Forming the dot products with the $\vec e_i$ gives the coordinates of these rotated vectors in the plane spanned by $\vec e_1$ and $\vec e_2$:

$$ \pmatrix{\cos\theta+(1-\cos\theta )u_1^2\\\sin\theta u_3+(1-\cos\theta)u_1u_2}\;,\; \pmatrix{-\sin\theta u_3+(1-\cos\theta)u_1u_2\\\cos\theta+(1-\cos\theta )u_2^2}\;, $$

where the $u_i$ are the coordinates of $\vec u$ in the coordinate system formed by $\vec e_1$, $\vec e_2$ and $\vec e_1\times\vec e_2$.

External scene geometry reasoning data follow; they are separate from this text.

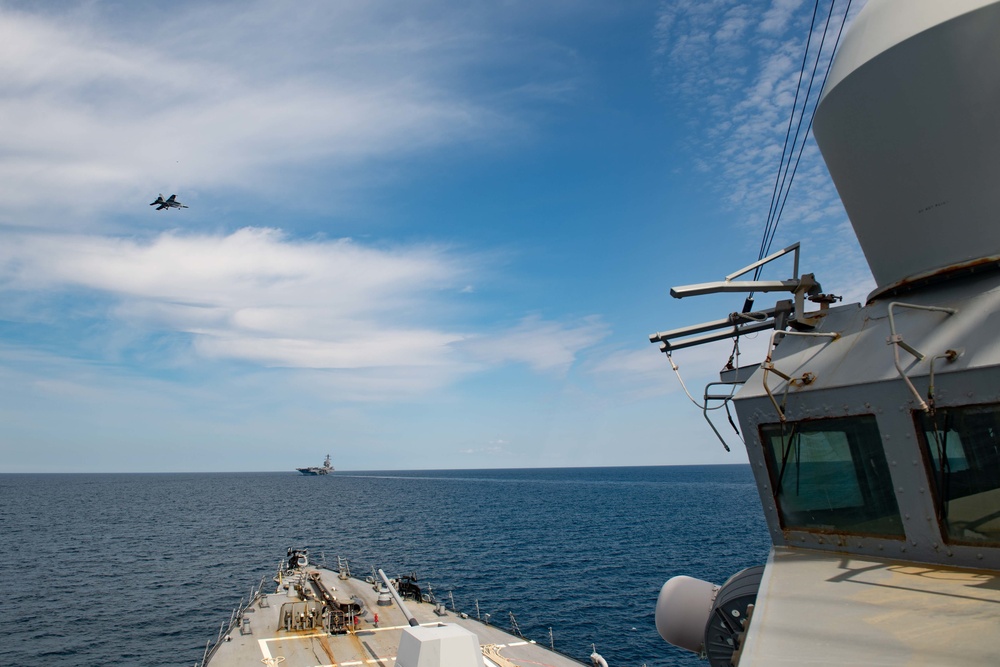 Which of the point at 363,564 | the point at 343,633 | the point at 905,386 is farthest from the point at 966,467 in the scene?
the point at 363,564

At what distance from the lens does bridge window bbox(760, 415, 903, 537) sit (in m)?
6.45

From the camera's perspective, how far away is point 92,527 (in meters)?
96.3

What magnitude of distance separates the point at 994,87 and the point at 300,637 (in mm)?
25613

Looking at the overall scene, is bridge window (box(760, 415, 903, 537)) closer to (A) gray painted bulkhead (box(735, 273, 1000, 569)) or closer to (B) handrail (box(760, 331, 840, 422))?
(A) gray painted bulkhead (box(735, 273, 1000, 569))

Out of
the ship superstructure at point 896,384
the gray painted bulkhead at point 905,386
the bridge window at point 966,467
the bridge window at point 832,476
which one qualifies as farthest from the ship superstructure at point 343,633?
the bridge window at point 966,467

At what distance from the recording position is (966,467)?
5.75 meters

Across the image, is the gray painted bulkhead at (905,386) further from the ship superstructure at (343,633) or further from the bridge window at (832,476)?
the ship superstructure at (343,633)

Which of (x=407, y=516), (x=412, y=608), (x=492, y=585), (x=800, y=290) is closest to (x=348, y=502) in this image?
(x=407, y=516)

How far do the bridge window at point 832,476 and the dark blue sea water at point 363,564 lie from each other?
91.5ft

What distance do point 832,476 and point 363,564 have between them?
60.0m

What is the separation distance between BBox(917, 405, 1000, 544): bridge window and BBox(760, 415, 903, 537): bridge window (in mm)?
478

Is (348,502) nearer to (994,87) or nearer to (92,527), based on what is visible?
(92,527)

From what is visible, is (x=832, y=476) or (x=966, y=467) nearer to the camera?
(x=966, y=467)

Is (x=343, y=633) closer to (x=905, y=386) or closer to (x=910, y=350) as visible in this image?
(x=905, y=386) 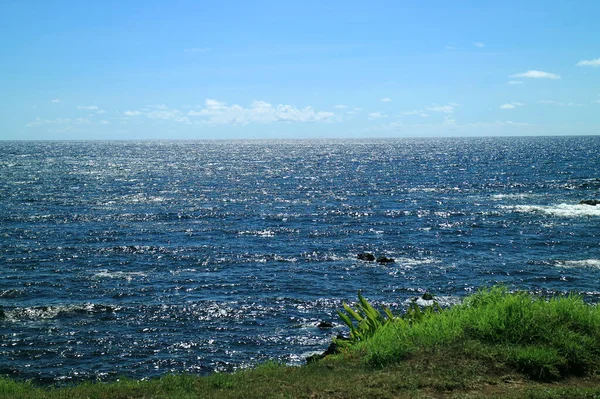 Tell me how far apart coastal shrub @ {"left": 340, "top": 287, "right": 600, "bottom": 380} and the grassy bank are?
24mm

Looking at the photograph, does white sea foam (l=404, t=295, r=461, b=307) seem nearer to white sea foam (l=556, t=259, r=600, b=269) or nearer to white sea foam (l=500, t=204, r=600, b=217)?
white sea foam (l=556, t=259, r=600, b=269)

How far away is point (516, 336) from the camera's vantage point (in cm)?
1311

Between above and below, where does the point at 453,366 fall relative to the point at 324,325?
above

The projection of the rotated cube face into the plane spanned by $\vec e_1$ and $\vec e_2$ is a parallelogram spanned by these two vectors, whose signed area is given by

$$ \cos^2\theta+\cos\theta(1-\cos\theta)(u_1^2+u_2^2)+(1-\cos\theta)^2u_1^2u_2^2+\sin^2 u_3^2-(1-\cos\theta)^2u_1^2u_2^2\\ =\cos\theta+u_3^2(1-\cos\theta)\;, $$

where I used $u_1^2+u_2^2+u_3^2=1$.

The sign of the area indicates whether it faces towards or away from the projection direction perpendicular to the original face. Integrating the signed quantity would yield $0$ by symmetry, so we can choose which signed component to integrate. The sign is negative in a triangular-shaped region and positive in the more complicated rest of the rectangle $0\le u_3\le1$, $0\le\theta\le\pi$, so let's integrate the negative component. Equating the area to $0$ yields $u_3^2=\cos\theta/(\cos\theta-1)$, which has a solution for $\theta\ge\pi/2$, so we need

$$ -\frac1\pi\int_{\pi/2}^\pi\mathrm d\theta\;(1-\cos\theta)\int_0^{\sqrt{\cos\theta/(\cos\theta-1)}}\mathrm du_3\left(\cos\theta+u_3^2(1-\cos\theta)\right)\;, $$

where the density for the $u_3$ integration is $1$ due to the fact that the surface of a horizontal slice of a sphere is proportional to the height of the slice. Performing the inner integration yields

$$ -\frac1\pi\int_{\pi/2}^\pi\mathrm d\theta\;(1-\cos\theta)\sqrt{\frac{\cos\theta}{\cos\theta-1}}\left(\cos\theta+\frac13\frac{\cos\theta}{\cos\theta-1}(1-\cos\theta)\right)\\ =\frac2{3\pi}\int_{\pi/2}^\pi\mathrm d\theta\sqrt{\cos^3\theta(\cos\theta-1)}\;. $$

The remaining integration is quite a mess, but Wolfram|Alpha evaluates the integral to $3\pi/8$, so the final result for one face is $1/4$. Since the cube has $6$ faces, the expected result $3/2$ follows.